Cela dit, l'article du MIT est intéressant... autant par ce qu'il ne dit pas que par ce qu'il dit. Commençons par le commencement :
Une simulation du MIT indique que si l’éolien fournissait 25 % de notre approvisionnement énergétique actuel, ....
D'où viennent ces 25% ? D'un savant calcul de JMJ, car le chiffre ne figure pas dans l'article, qui parle de "
10% des besoins de 2100", besoins estimés à 44 TW. On parle donc là de 4,4 TW, et il se trouve que la consommation d'énergie mondiale actuelle est de 16 TW d'après tous les experts comme ceux de l'
Agence Internationale de l'Énergie. 4,4 sur 16, ça fait 27,5%, on ne va pas chipoter, on est d'accord. Enfin presque.
Disons qu'à première vue, ce chiffre colle presque pile poil avec la consommation actuelle de charbon, qui représente (ou représentait en 2009, car les statisticiens de l'AIE ont besoin d'un temps de réflexion)
27,2% de l'énergie primaire consommée dans le monde.
Et c'est là que ça commence à se gâter. On a bien parlé d'énergie
primaire, non ? Kesksédonc ? Il y aurait de l'énergie secondaire ou tertiaire ?
😱
L'
énergie primaire est celle que nous donne directement la nature, avant transformation. Dans le cas du charbon, c'est donc la chaleur de combustion de ce qui sort des mines... or que fait-on avec le charbon ? Pas uniquement produire de la chaleur pour se chauffer, loin de là : c'est même
le principal mode de production d'électricité dans le monde avec 40% de l'électricité produite.

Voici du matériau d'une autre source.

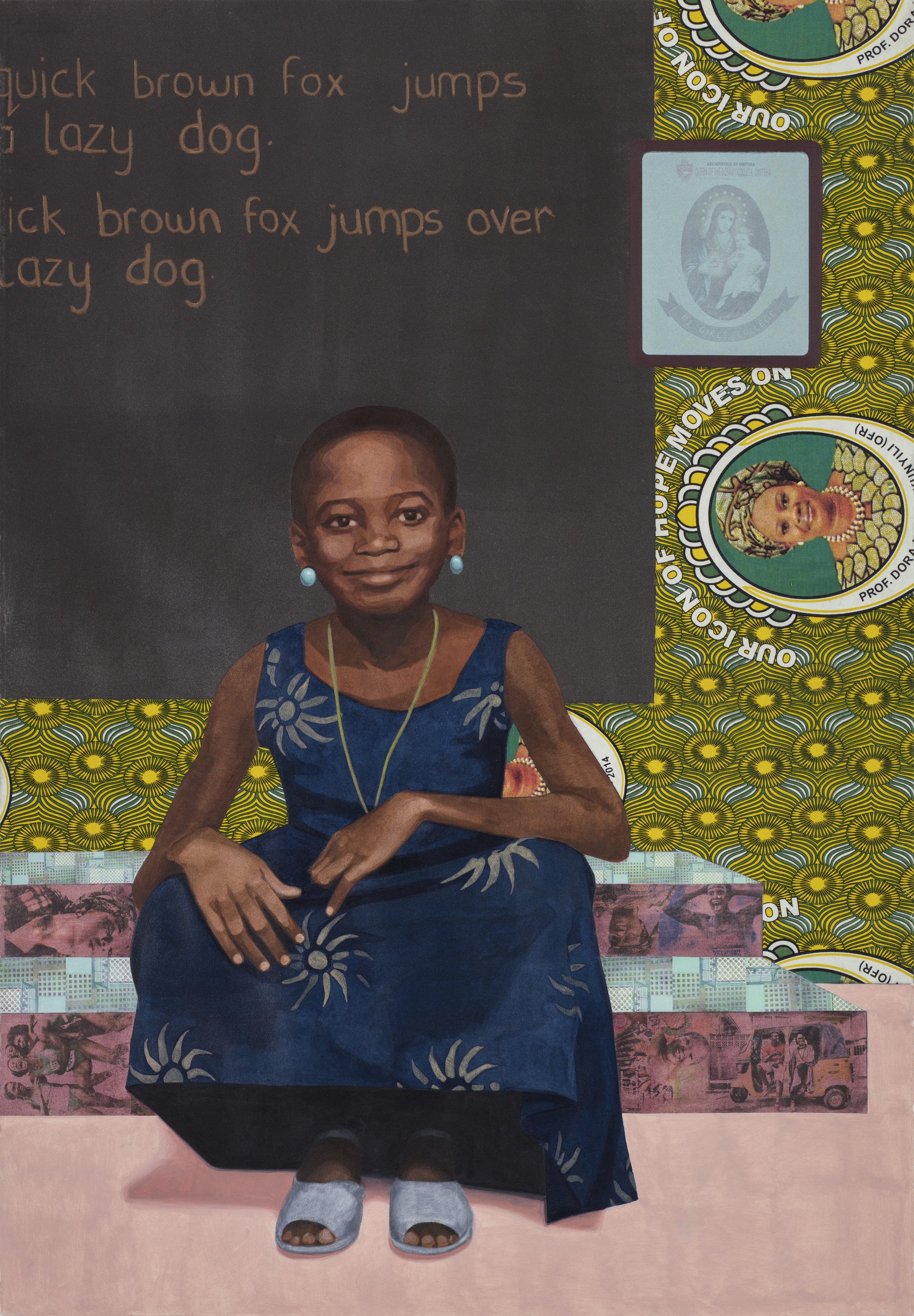 Njideka Akunyili Crosby,
“The Beautyful Ones” Series #5, 2016.
Acrylic, transfers, colored pencil, pastel, collage, and commemorative fabric on paper
61.2 x 42 in
155.45 x 106.68 cm
© Njideka Akunyili Crosby
Courtesy the artist, Victoria Miro, and Da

Mais pour passer de la chaleur à l'électricité, la thermodynamique impose sa loi implacable et jamais, quoi qu'on fasse, on ne pourra dépasser le
rendement de Carnot qui est une limite absolue. En pratique, ça se traduit par 30 à 40% de la chaleur transformée en électricité, suivant la vétusté et le raffinement technologique de la centrale à charbon. Le record mondial est à 49% à la
centrale danoise de Avedøre, qui en plus permet le chauffage urbain par cogénération.
Comparer directement l'énergie (électrique) produite par des éoliennes avec l'énergie primaire actuellement consommée dans le monde est donc, soit une vaste escroquerie, soit une vaste ânerie, car
l'humanité tire actuellement 81% de son énergie primaire de ressources fossiles (donc sous de forme chaleur), sans oublier 10% à partir de déchets et combustibles renouvelables (chaleur également) et 6% issus du nucléaire (chaleur aussi), ce qui nous mène à
97% de l'énergie primaire sous forme thermique.
On peut donc déjà dire que
la comparaison chiffrée "brute de décoffrage" de JMJ n'a aucun sens physique, à moins de considérer qu'on utiliserait l'électricité éolienne exclusivement pour du chauffage électrique, ce qui serait effectivement pas très malin.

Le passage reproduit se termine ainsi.